• [Data for the task]:
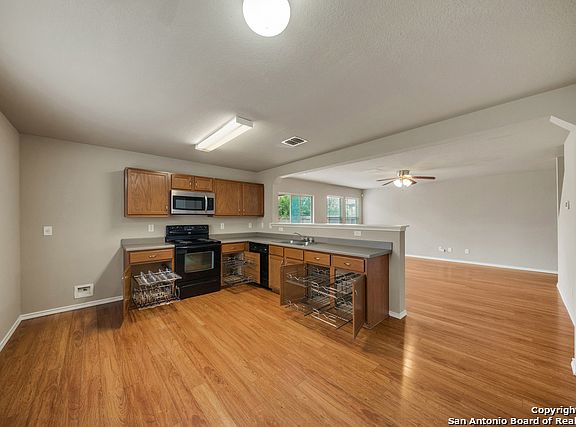 5th image of 9327 Pacific Maple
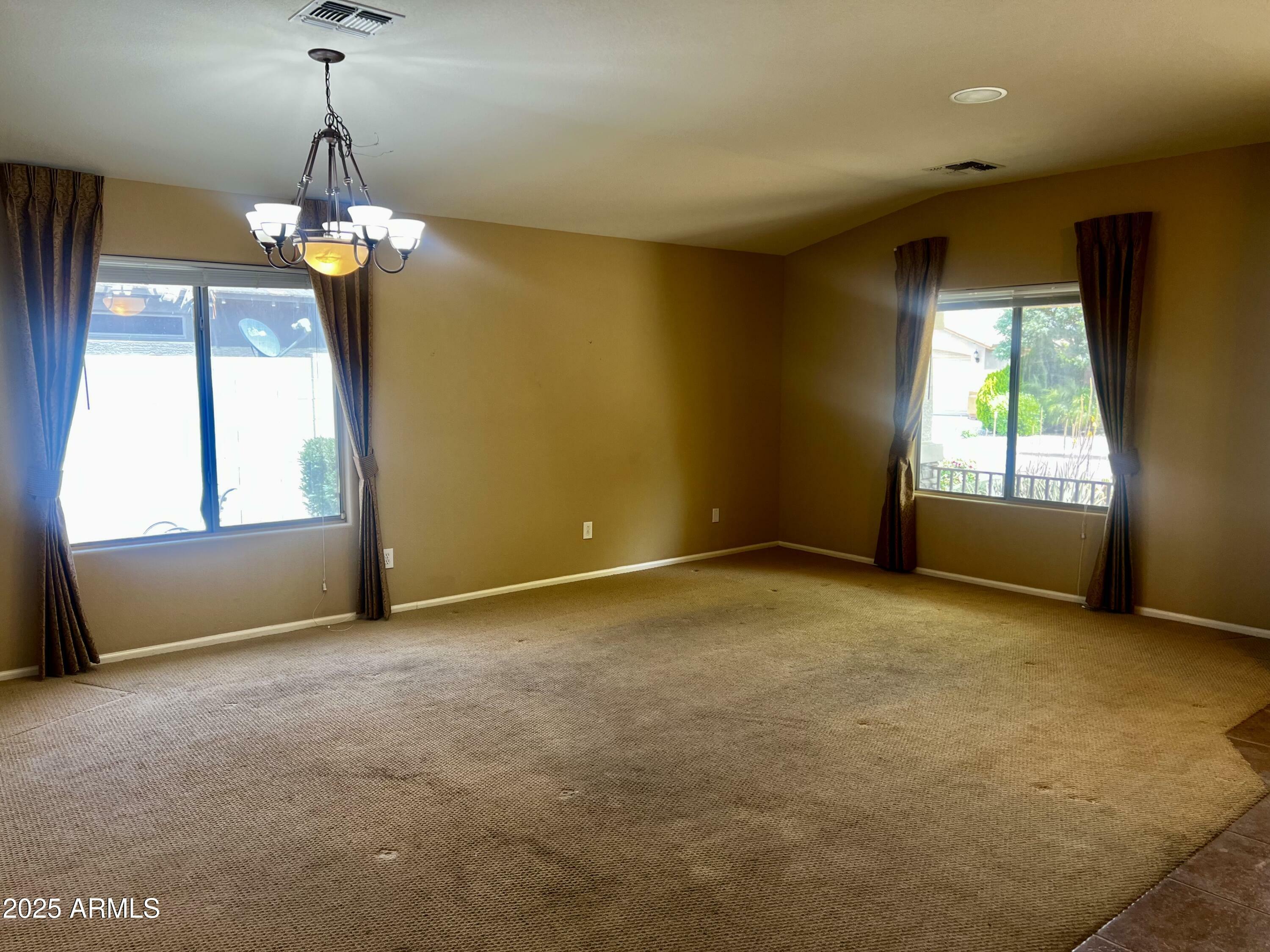 Property Photo: 830 E Dry Creek Road AZ 85143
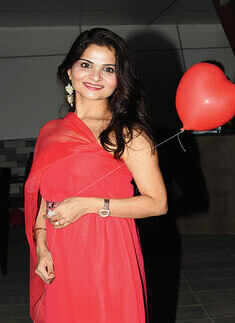 Celebs at Pre-Valentines party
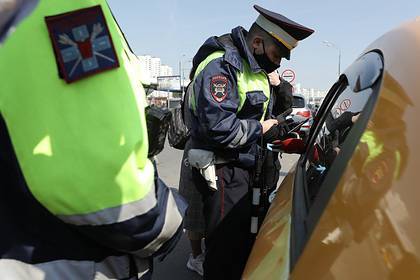 Водителям в Москве аннулировали штрафы за ошибки в пропусках - lenta.ru - Москва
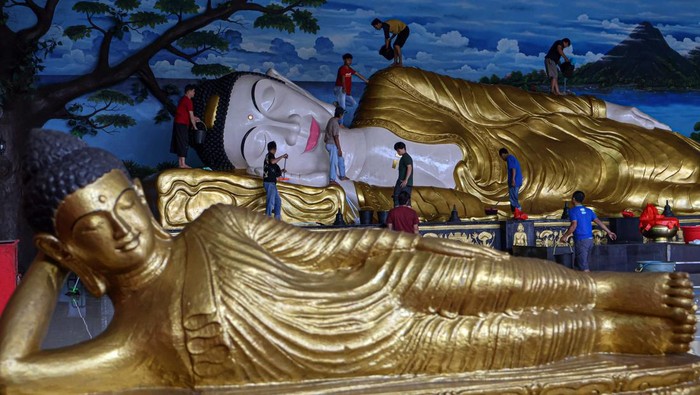 Prosesi Pencucian Patung Buddha Tidur di Vihara Bogor Jelang Imlek Sejumlah warga Tionghoa membersihkan Patung Buddha Tidur saat ritual pencucian di Vihara Buddha Dharma dan 8 Posat, Desa Tonjong, Tajurhalang, Kabupaten Bogor, Jawa Barat, Minggu (19/1/2025). Ritual pencucian patung Buddha sepanjang 18 meter dan tinggi lima meter serta patung dewa-dewi tersebut dilakukan dalam rangka menyambut perayaan Tahun Baru Imlek 2576. ANTARA FOTO/Yulius Satria Wijaya/foc.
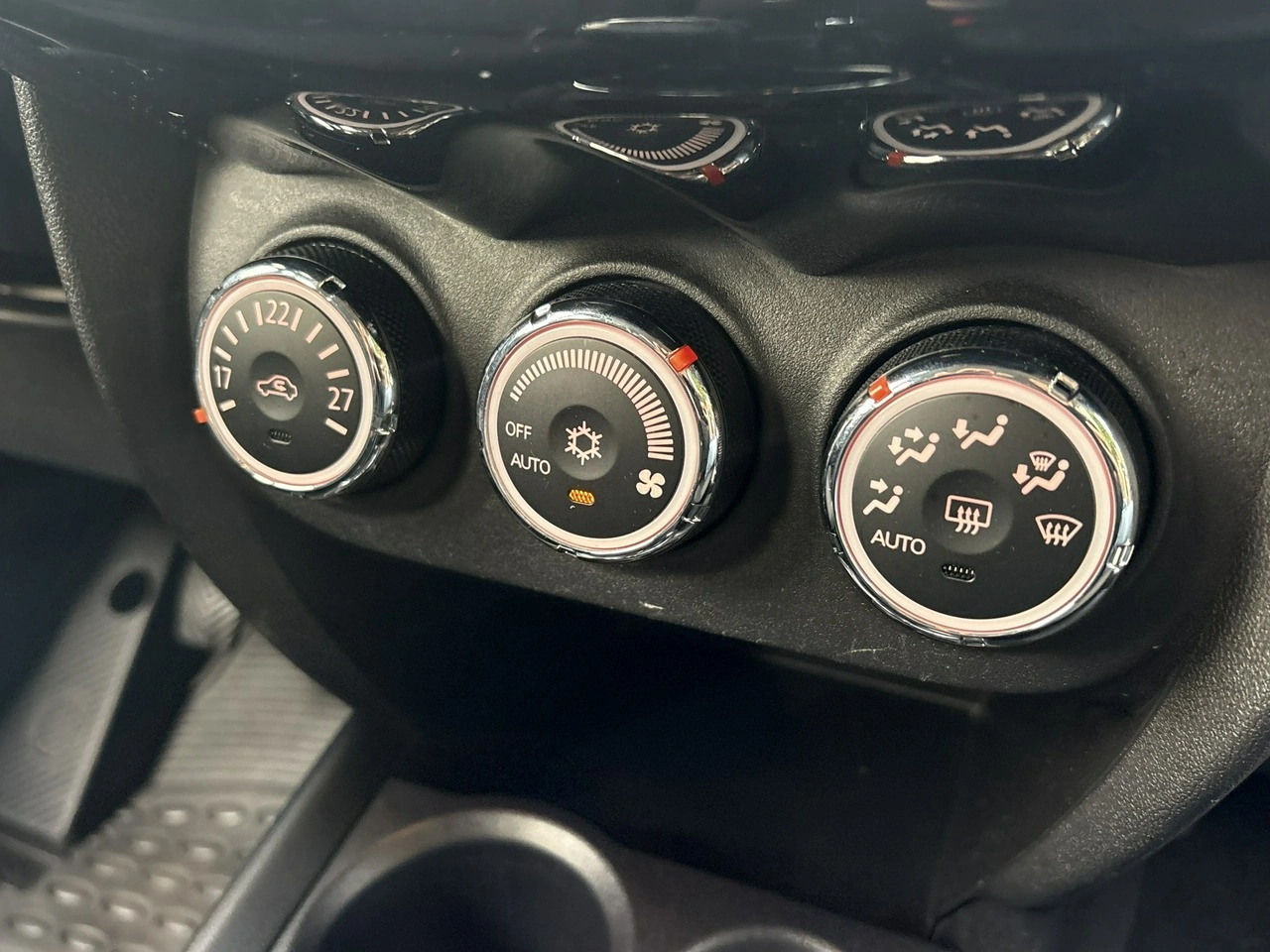 Mitsubishi ASX - Zdjęcie 15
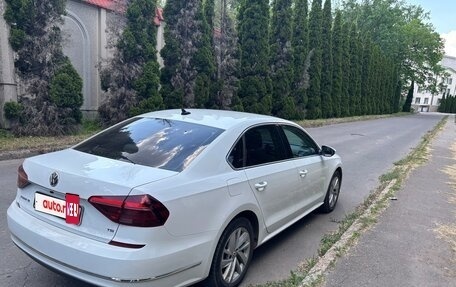 Volkswagen Passat B8 рестайлинг, 2018 год, 1 750 000 рублей, 3 фотография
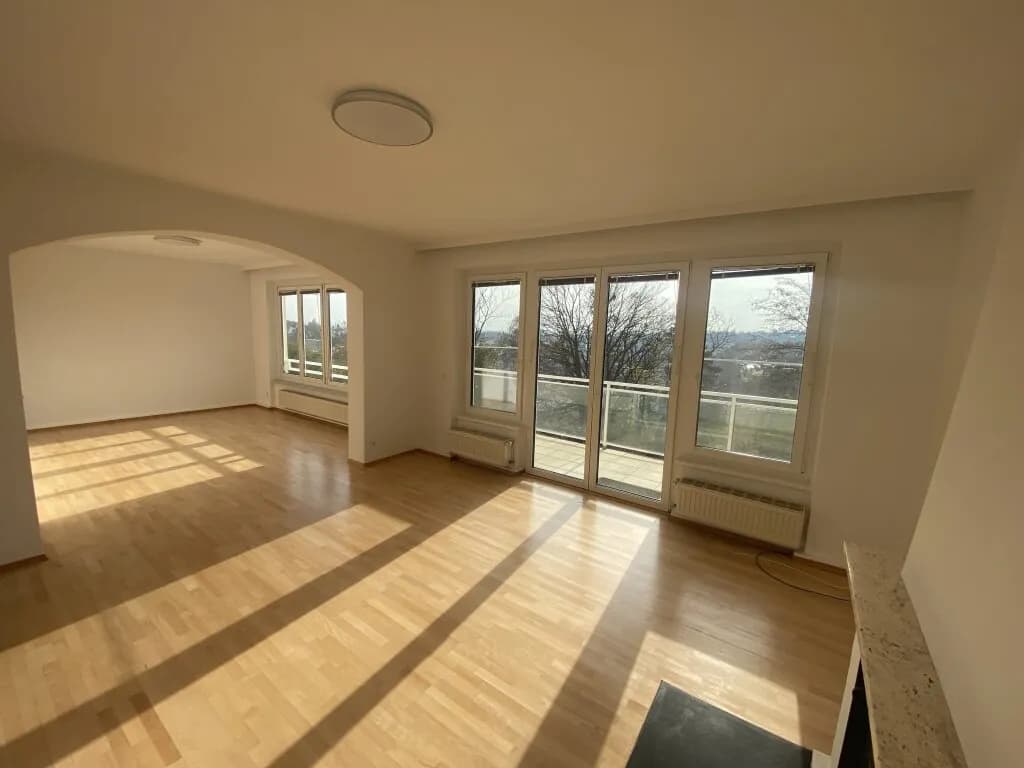 5-Zimmer-Wohnung mieten in Wien – 132,39 m², € 3.036
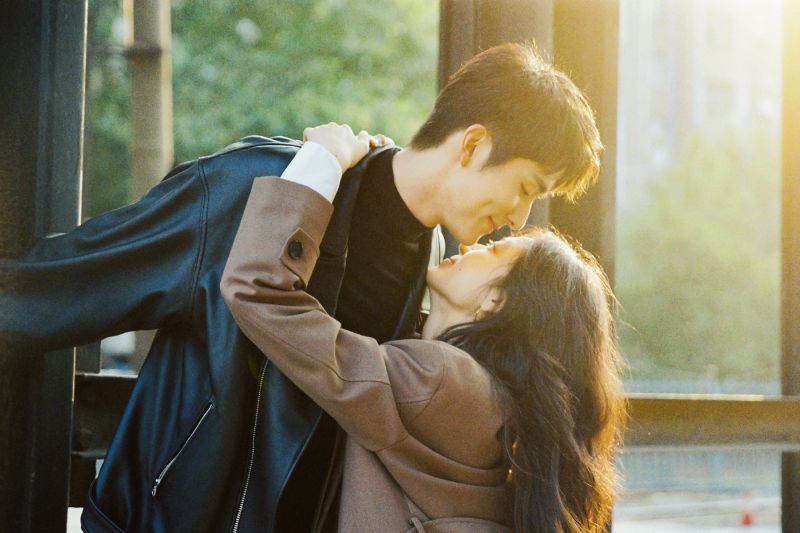 张新成1句话遭围剿 挨轰瞧不起赵丽颖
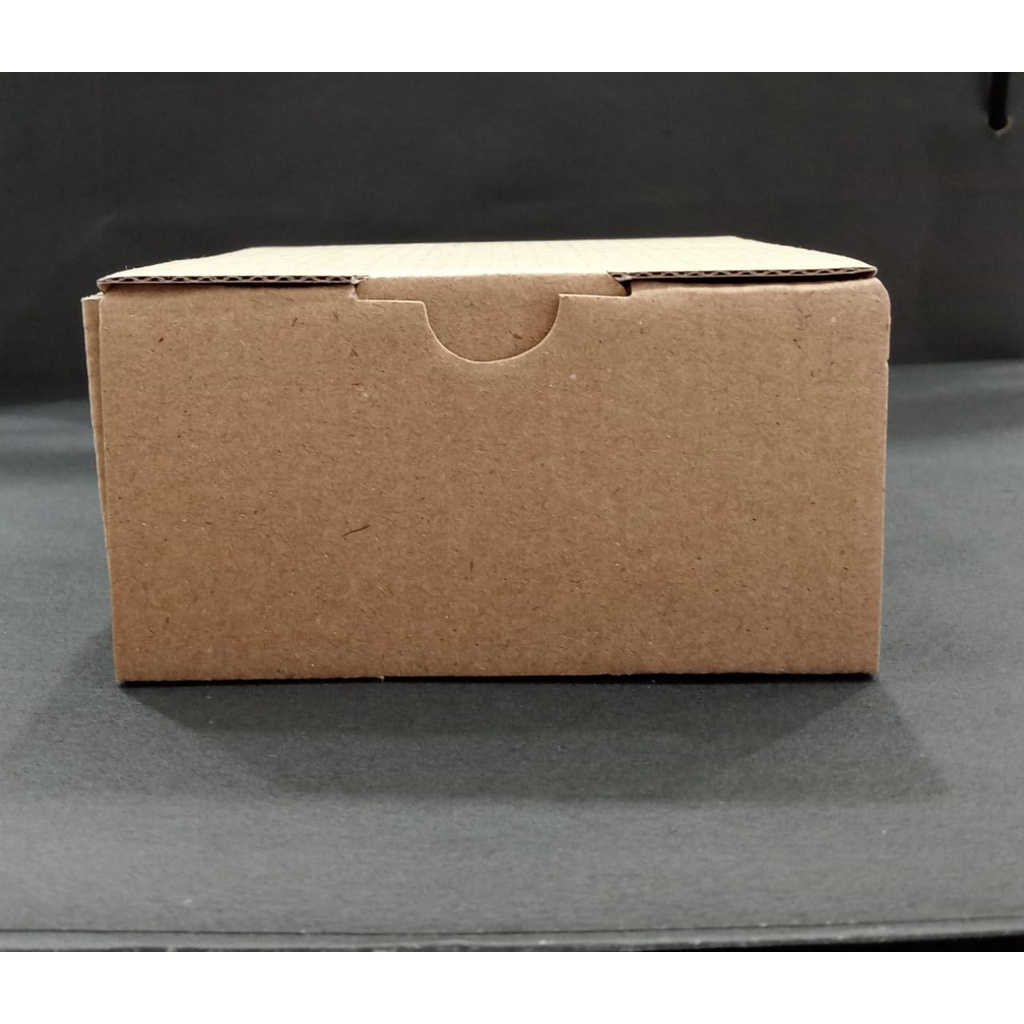

Box Eflute/ Box Hampers/ Box Kado/ISI 10PCS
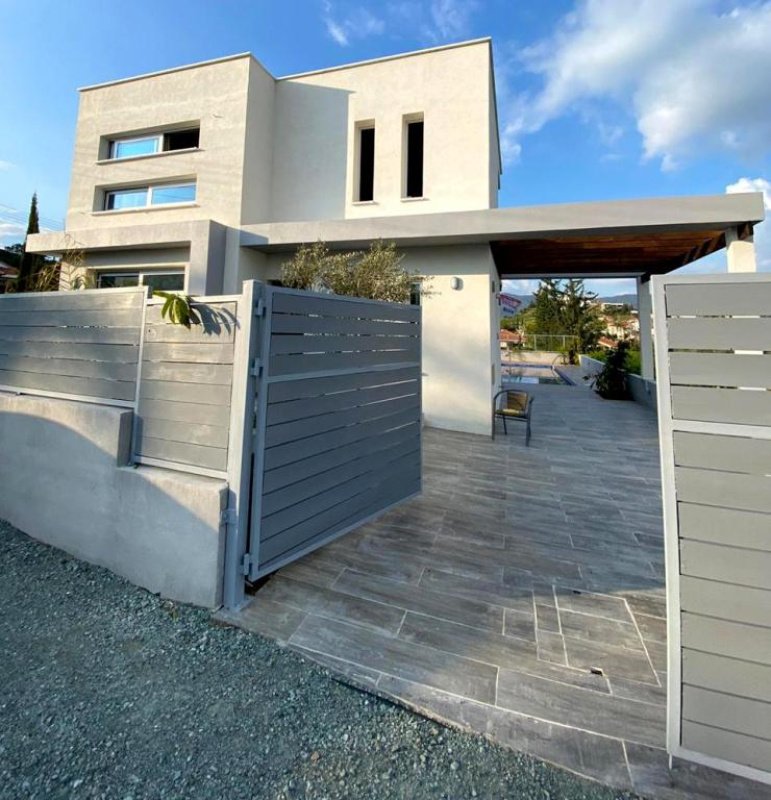 3 bedrooms Villa in Limassol, Cyprus No. 38559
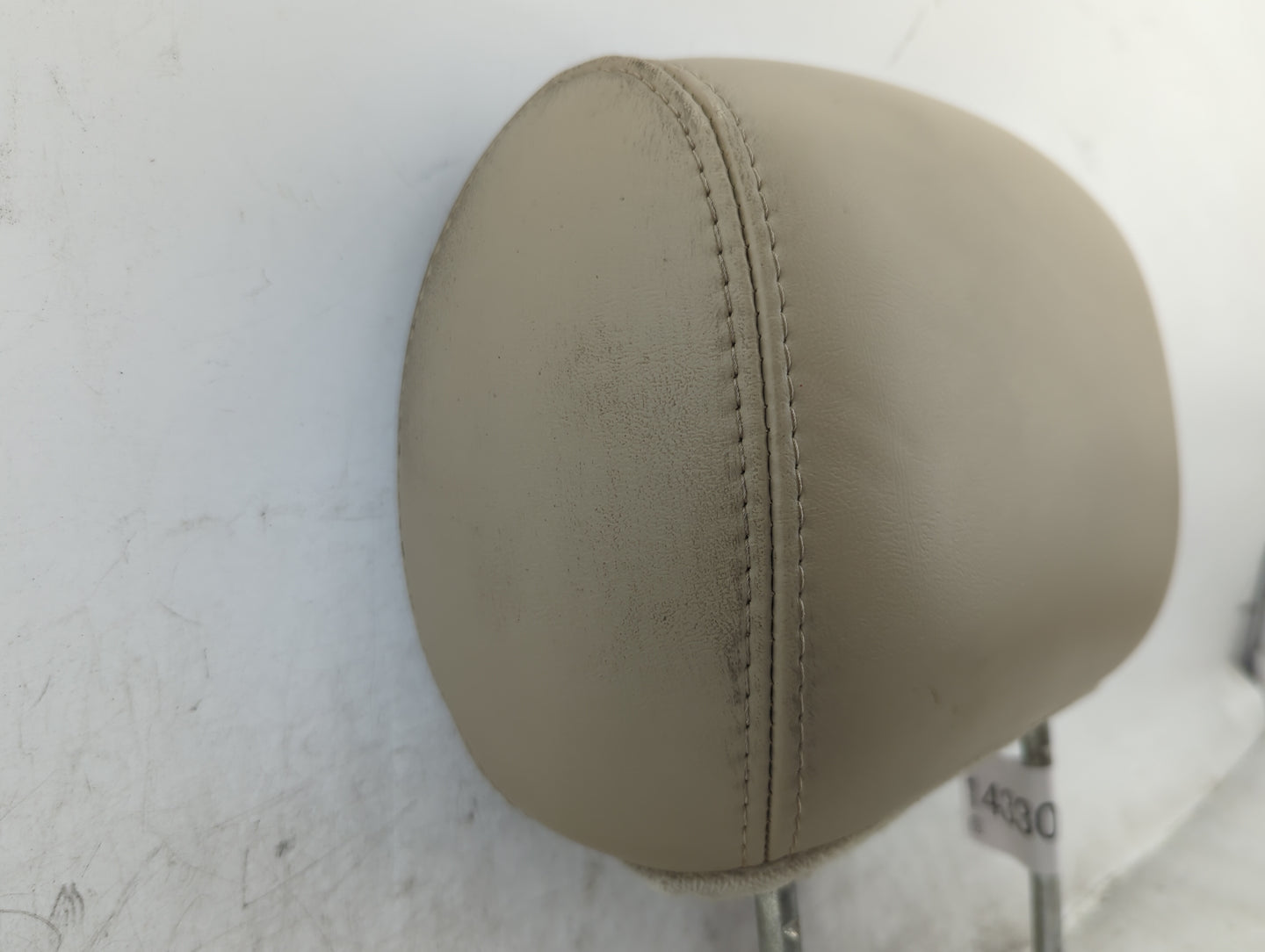 2004 Buick Rainier Headrest Head Rest Rear Seat Fits OEM Used Auto Parts - Oemusedautoparts1.com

• [Work required]: Please give the data again in full, exactly as written, but without any images.

• [Task response]:
 5th image of 9327 Pacific Maple
 Property Photo: 830 E Dry Creek Road AZ 85143
 Celebs at Pre-Valentines party
 Водителям в Москве аннулировали штрафы за ошибки в пропусках - lenta.ru - Москва
 Prosesi Pencucian Patung Buddha Tidur di Vihara Bogor Jelang Imlek Sejumlah warga Tionghoa membersihkan Patung Buddha Tidur saat ritual pencucian di Vihara Buddha Dharma dan 8 Posat, Desa Tonjong, Tajurhalang, Kabupaten Bogor, Jawa Barat, Minggu (19/1/2025). Ritual pencucian patung Buddha sepanjang 18 meter dan tinggi lima meter serta patung dewa-dewi tersebut dilakukan dalam rangka menyambut perayaan Tahun Baru Imlek 2576. ANTARA FOTO/Yulius Satria Wijaya/foc.
 Mitsubishi ASX - Zdjęcie 15
 Volkswagen Passat B8 рестайлинг, 2018 год, 1 750 000 рублей, 3 фотография
 5-Zimmer-Wohnung mieten in Wien – 132,39 m², € 3.036
 张新成1句话遭围剿 挨轰瞧不起赵丽颖

Box Eflute/ Box Hampers/ Box Kado/ISI 10PCS
 3 bedrooms Villa in Limassol, Cyprus No. 38559
 2004 Buick Rainier Headrest Head Rest Rear Seat Fits OEM Used Auto Parts - Oemusedautoparts1.com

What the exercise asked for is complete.